# RAW DATA
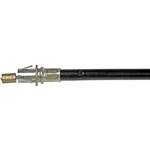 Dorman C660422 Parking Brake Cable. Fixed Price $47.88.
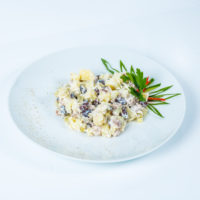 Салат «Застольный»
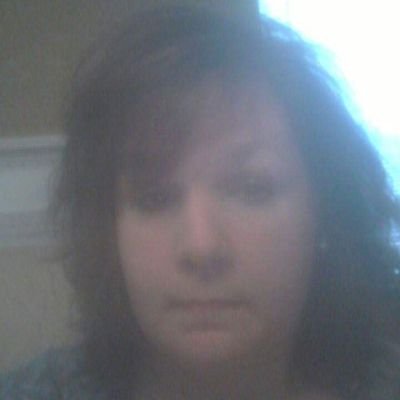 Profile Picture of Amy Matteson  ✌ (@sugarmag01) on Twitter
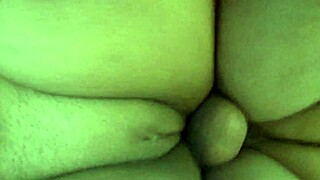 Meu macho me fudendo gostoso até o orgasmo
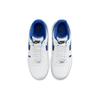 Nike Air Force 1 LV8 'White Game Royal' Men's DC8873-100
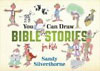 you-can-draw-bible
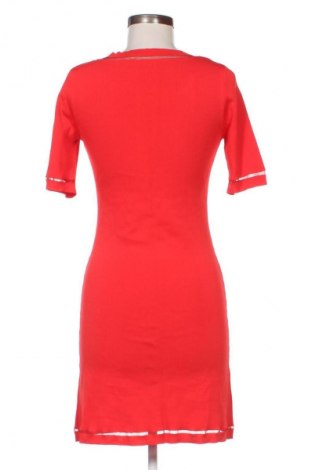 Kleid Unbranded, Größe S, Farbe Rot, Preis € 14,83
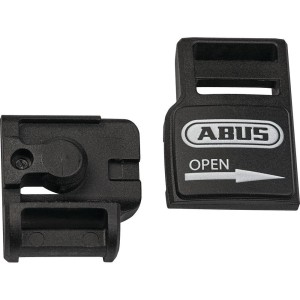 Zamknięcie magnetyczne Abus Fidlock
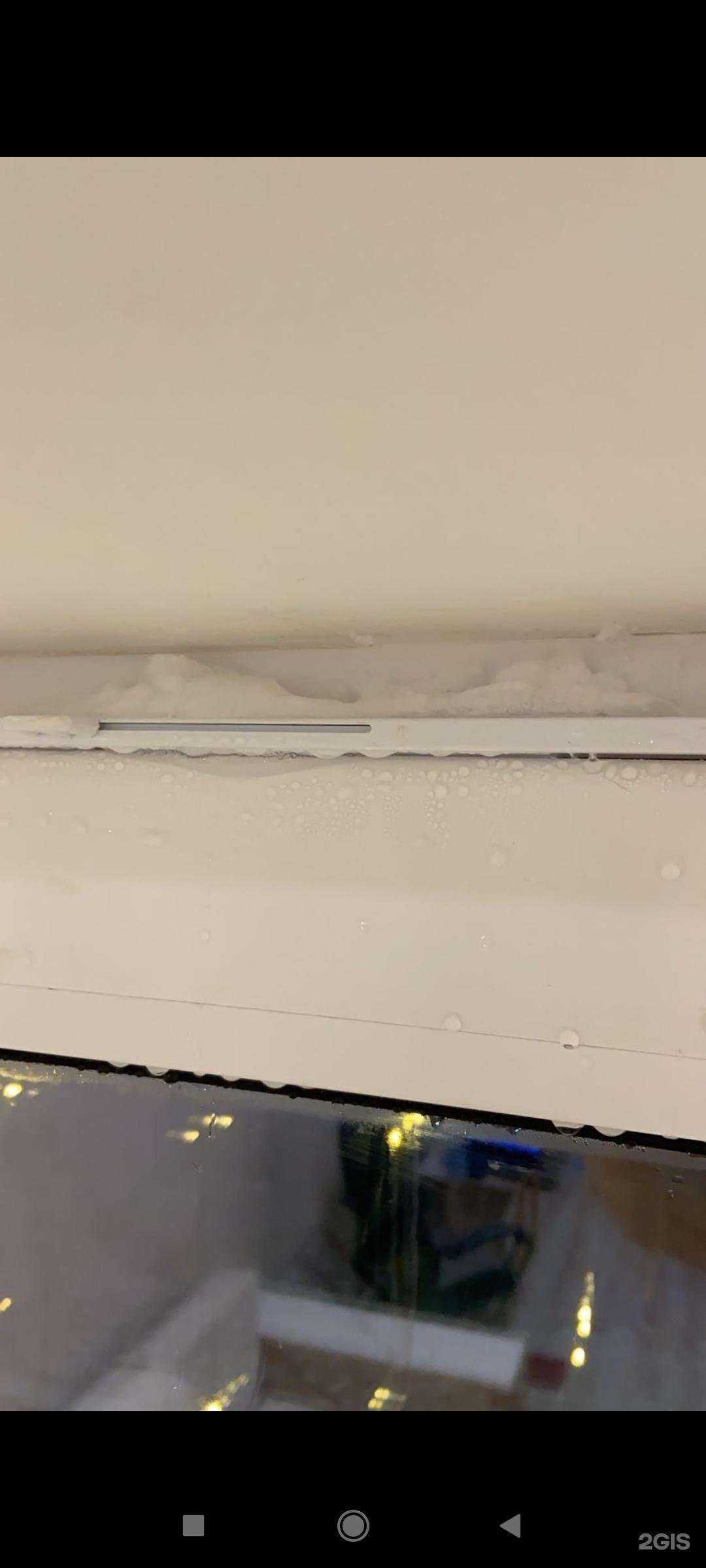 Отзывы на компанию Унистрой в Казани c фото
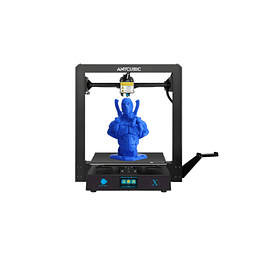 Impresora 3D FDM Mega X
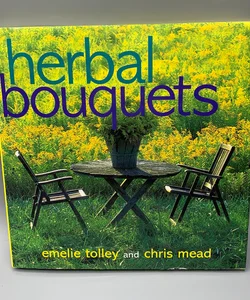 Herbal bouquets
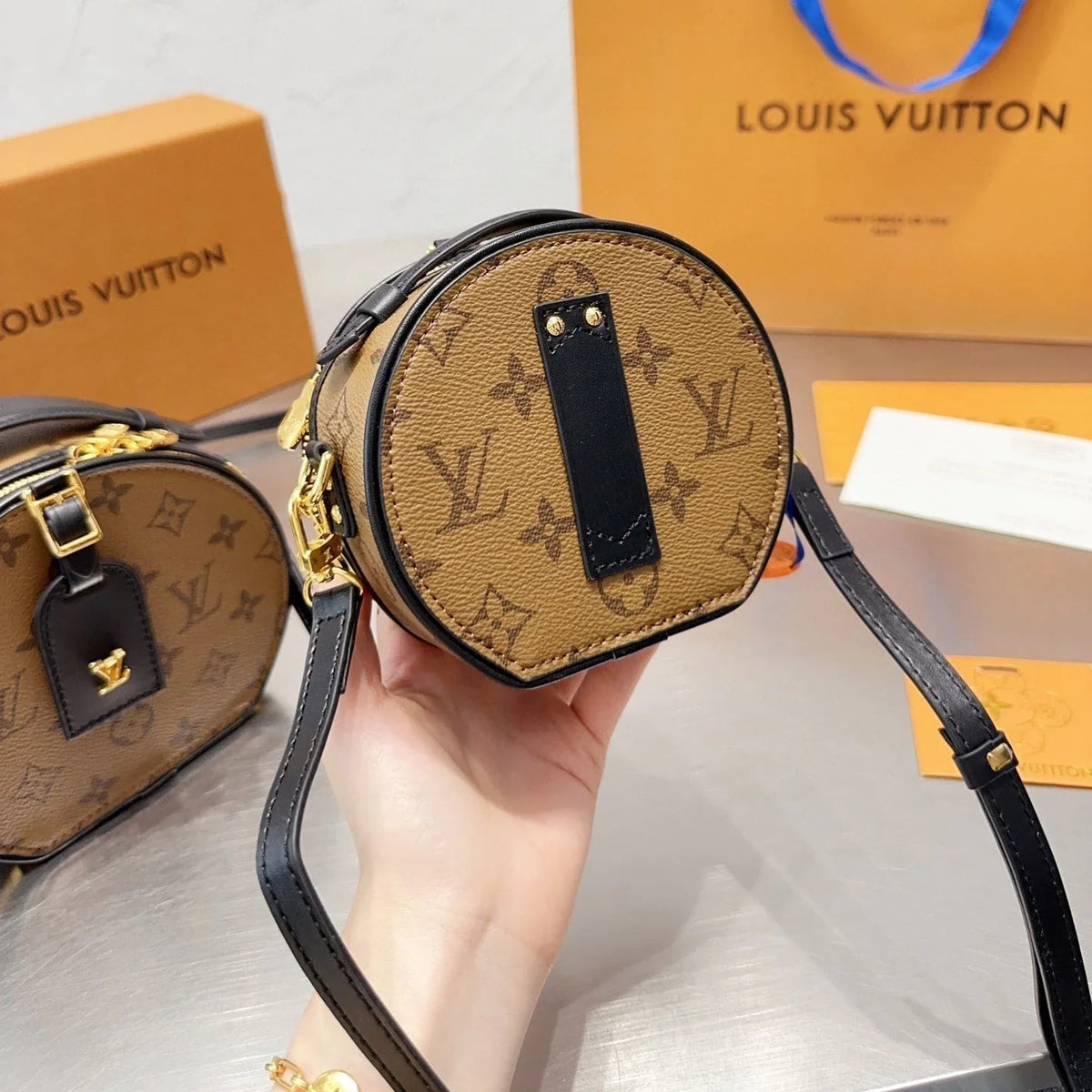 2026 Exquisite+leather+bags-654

* * *

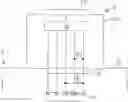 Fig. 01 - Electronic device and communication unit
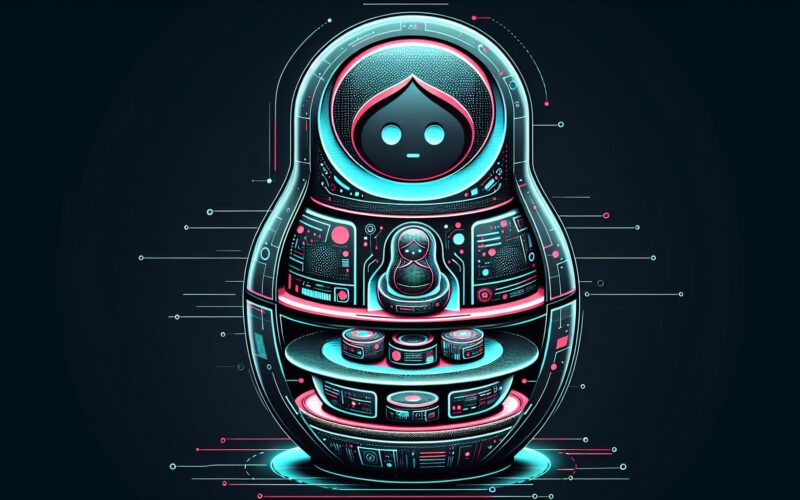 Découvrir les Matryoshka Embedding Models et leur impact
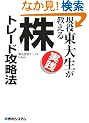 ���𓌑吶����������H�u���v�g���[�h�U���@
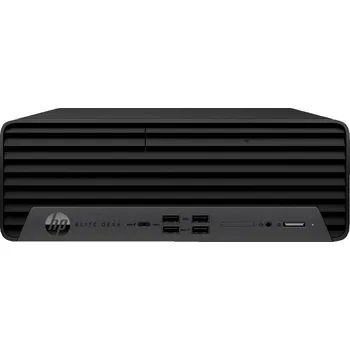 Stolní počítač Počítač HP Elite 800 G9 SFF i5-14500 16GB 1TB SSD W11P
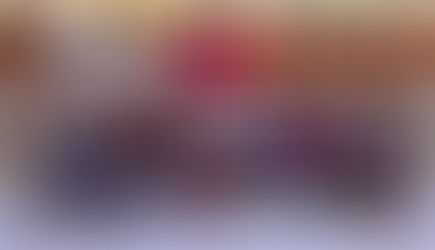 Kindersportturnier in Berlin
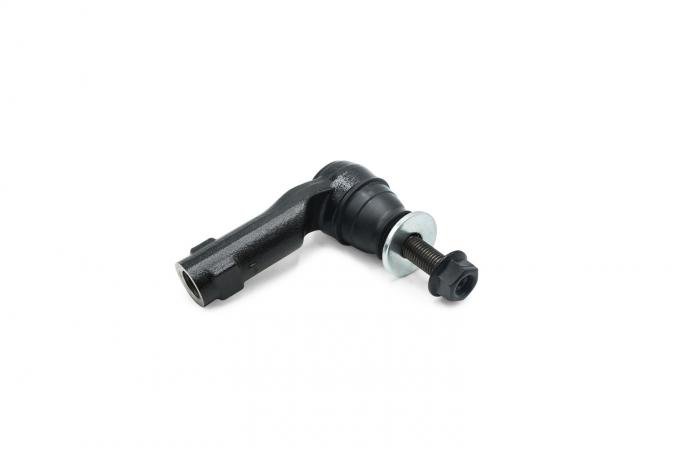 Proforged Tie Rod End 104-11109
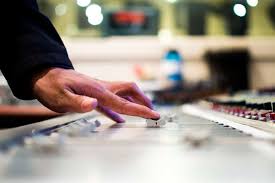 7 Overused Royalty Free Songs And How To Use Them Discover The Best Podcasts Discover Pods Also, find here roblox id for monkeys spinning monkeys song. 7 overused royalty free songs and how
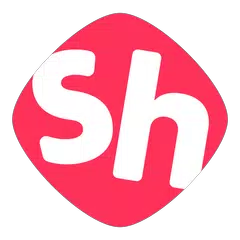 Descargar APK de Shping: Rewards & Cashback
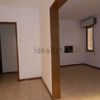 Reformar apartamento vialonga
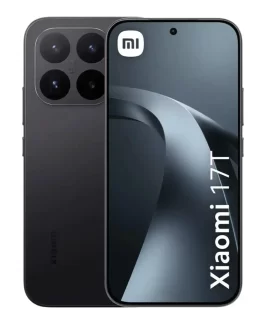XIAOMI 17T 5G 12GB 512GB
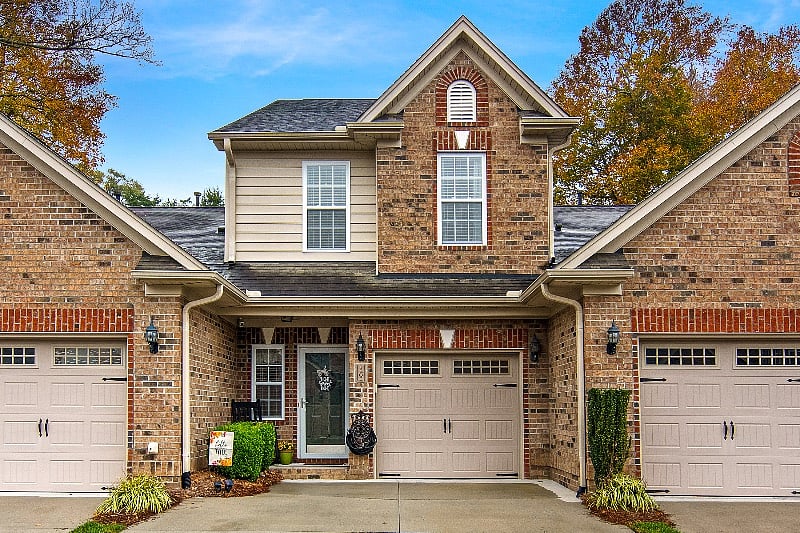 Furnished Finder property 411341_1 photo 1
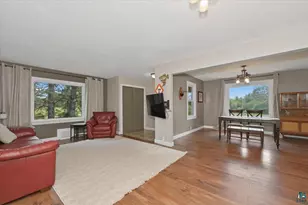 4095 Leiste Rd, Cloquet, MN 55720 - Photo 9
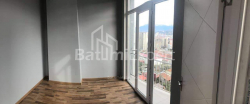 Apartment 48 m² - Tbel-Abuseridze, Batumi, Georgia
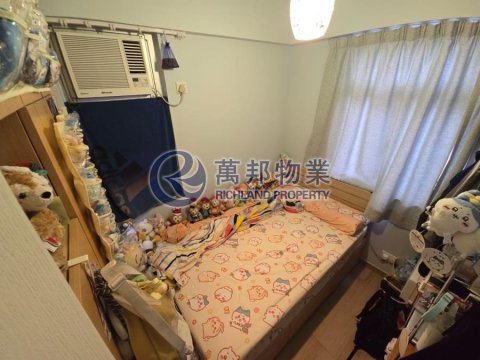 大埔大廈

# YOUR OBJECTIVE
Using the records above, print exactly the lines between the ones containing "you-can-draw-bible" and "2026 Exquisite+leather+bags-654", inclusive, and nothing else; no pictures.

# OUTPUT BELOW
 you-can-draw-bible
 Kleid Unbranded, Größe S, Farbe Rot, Preis € 14,83
 Zamknięcie magnetyczne Abus Fidlock
 Отзывы на компанию Унистрой в Казани c фото
 Impresora 3D FDM Mega X
 Herbal bouquets
 2026 Exquisite+leather+bags-654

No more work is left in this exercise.